**What the task requires:**
An unchanged copy of each entry below is needed; keep the pictures out of it.

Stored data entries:

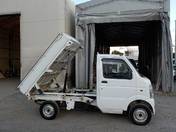 It is a picture of the white suzuki carry dump in 2013,First Photo Stock No.Y016845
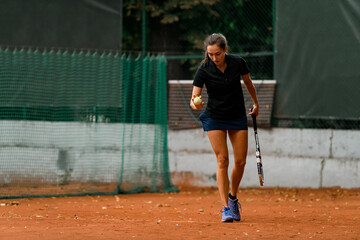 great view of female tennis player holding ball and racket and preparing to serve.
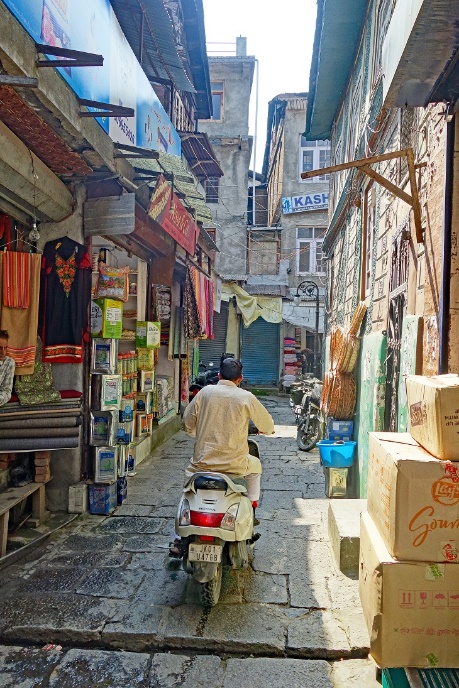 A person riding a scooter through a narrow alley

Description automatically generated with medium confidence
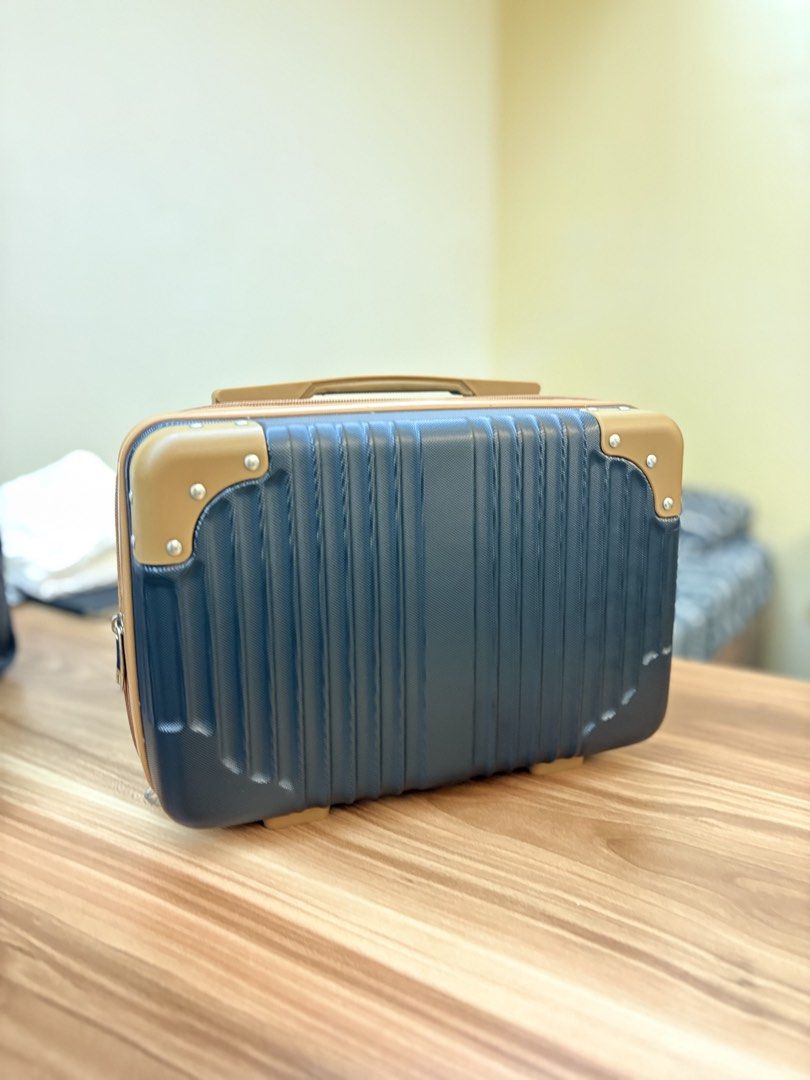 Dark Blue and Tan Hard Shell Luggage (Category: Luggage) located in Manila. Submitted by amityclutter (Listing ID 1461938213, Image 1). Description: - Compact hard shell luggage - Dark blue body with tan accents - Ribbed texture on the front - Carry-on size, ideal for short trips - Can also be used as a makeup case - Clean interior, ready for use.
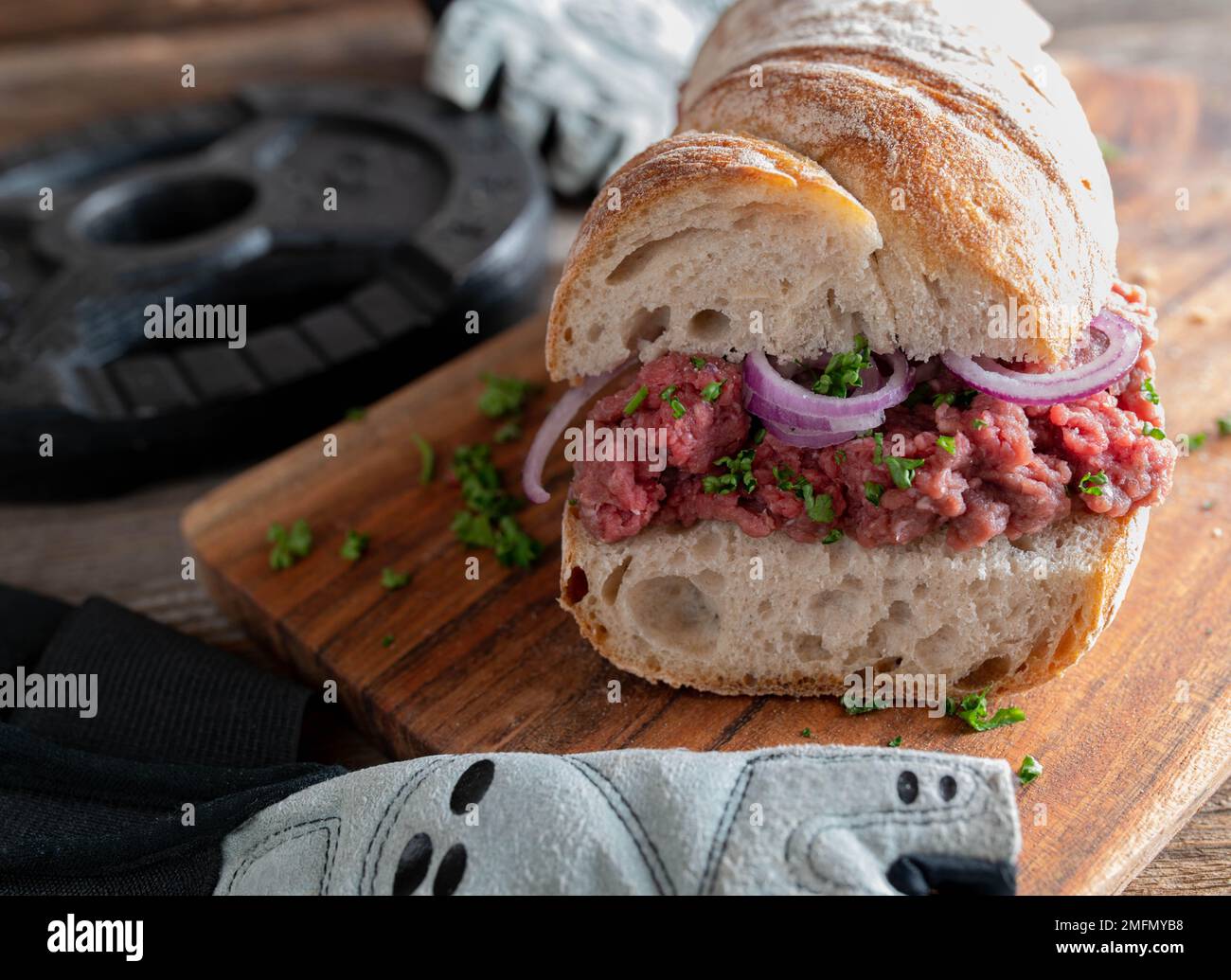 Muscolo costruzione Tatar o manzo crudo panino cannibale con prezzemolo e cipolle rosse su tavolo di legno. Primo piano e vista frontale Foto Stock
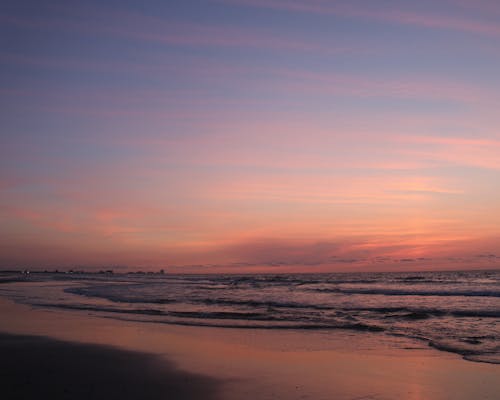 Scenic View of Ocean Waves Crashing on Shore during Dusk 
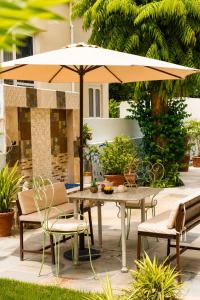 a table and chairs under an umbrella on a patio at Hotel Atithya in Udaipur +28 photos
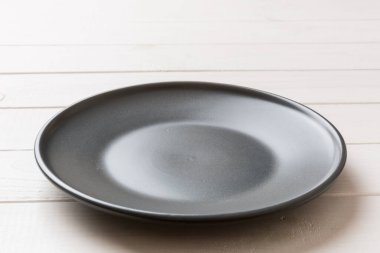 Ahşap zemindeki boş siyah plakanın perspektif görüntüsü. Tasarımın için boş boşluk.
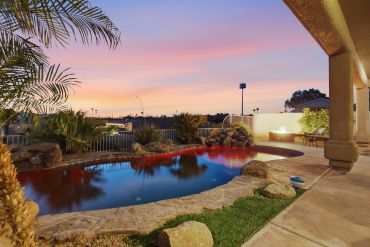 Poolside view with fire pit.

**Your response:**
 It is a picture of the white suzuki carry dump in 2013,First Photo Stock No.Y016845
 great view of female tennis player holding ball and racket and preparing to serve.
 A person riding a scooter through a narrow alley

Description automatically generated with medium confidence
 Dark Blue and Tan Hard Shell Luggage (Category: Luggage) located in Manila. Submitted by amityclutter (Listing ID 1461938213, Image 1). Description: - Compact hard shell luggage - Dark blue body with tan accents - Ribbed texture on the front - Carry-on size, ideal for short trips - Can also be used as a makeup case - Clean interior, ready for use.
 Muscolo costruzione Tatar o manzo crudo panino cannibale con prezzemolo e cipolle rosse su tavolo di legno. Primo piano e vista frontale Foto Stock
 Scenic View of Ocean Waves Crashing on Shore during Dusk 
 a table and chairs under an umbrella on a patio at Hotel Atithya in Udaipur +28 photos
 Ahşap zemindeki boş siyah plakanın perspektif görüntüsü. Tasarımın için boş boşluk.
 Poolside view with fire pit.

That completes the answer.